[DATA Boundary: Start]

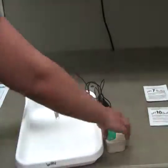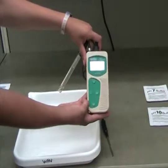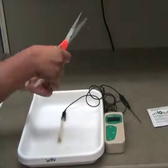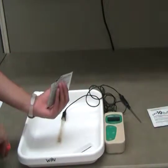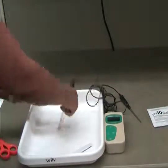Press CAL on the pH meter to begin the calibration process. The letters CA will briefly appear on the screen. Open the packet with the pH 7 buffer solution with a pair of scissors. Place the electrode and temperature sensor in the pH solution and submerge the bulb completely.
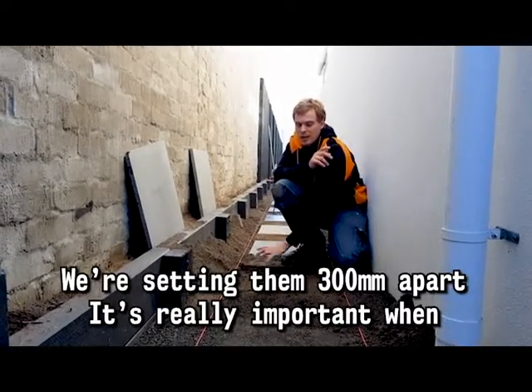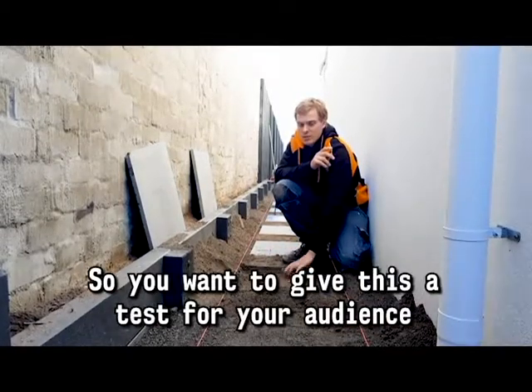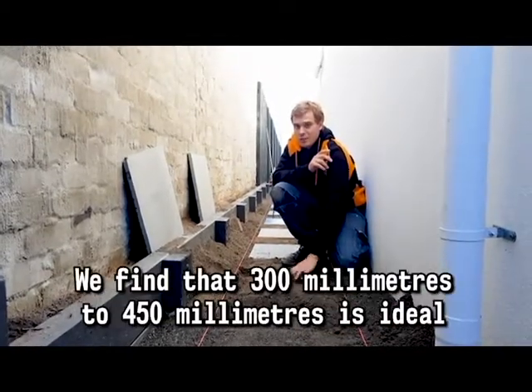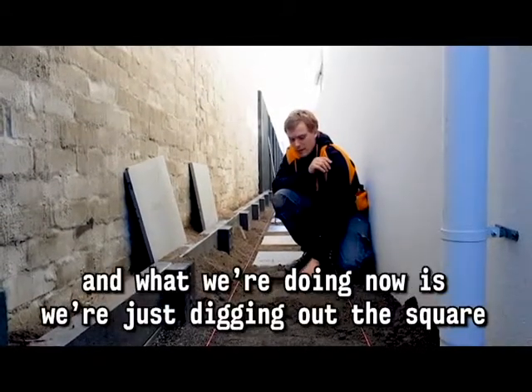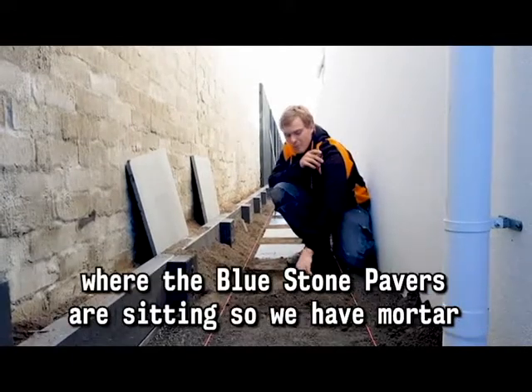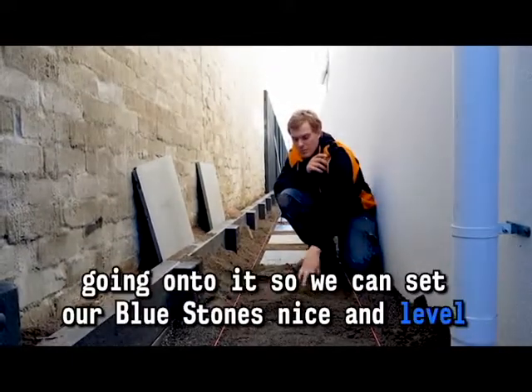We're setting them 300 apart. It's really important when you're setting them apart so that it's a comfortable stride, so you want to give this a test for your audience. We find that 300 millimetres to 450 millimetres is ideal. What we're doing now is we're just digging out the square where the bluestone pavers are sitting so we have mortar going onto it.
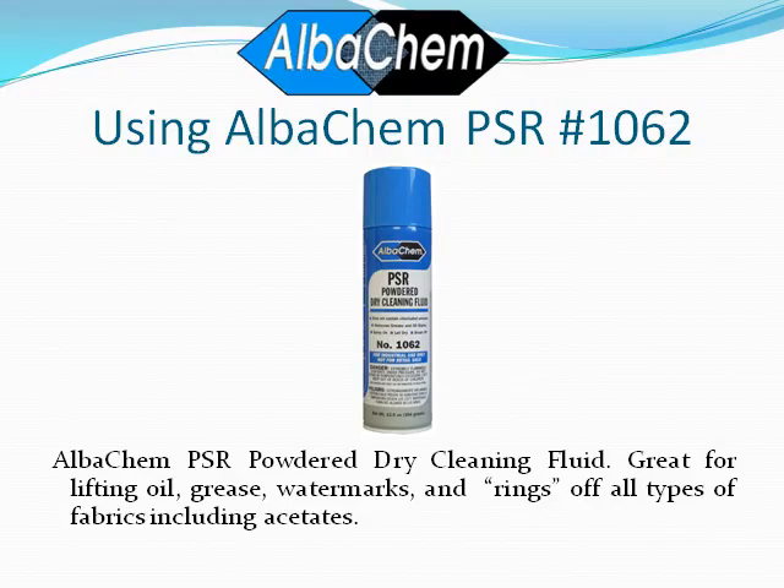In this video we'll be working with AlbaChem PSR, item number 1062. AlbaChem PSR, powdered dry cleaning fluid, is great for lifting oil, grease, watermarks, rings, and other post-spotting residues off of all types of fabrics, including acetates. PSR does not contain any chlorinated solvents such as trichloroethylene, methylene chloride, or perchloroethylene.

[DATA Boundary: End]

### PROBLEM DETAILS:
When you copy the listing above, reproduce every line exactly and skip the images.

### TASK RESPONSE:
Press CAL on the pH meter to begin the calibration process. The letters CA will briefly appear on the screen. Open the packet with the pH 7 buffer solution with a pair of scissors. Place the electrode and temperature sensor in the pH solution and submerge the bulb completely.
We're setting them 300 apart. It's really important when you're setting them apart so that it's a comfortable stride, so you want to give this a test for your audience. We find that 300 millimetres to 450 millimetres is ideal. What we're doing now is we're just digging out the square where the bluestone pavers are sitting so we have mortar going onto it.
In this video we'll be working with AlbaChem PSR, item number 1062. AlbaChem PSR, powdered dry cleaning fluid, is great for lifting oil, grease, watermarks, rings, and other post-spotting residues off of all types of fabrics, including acetates. PSR does not contain any chlorinated solvents such as trichloroethylene, methylene chloride, or perchloroethylene.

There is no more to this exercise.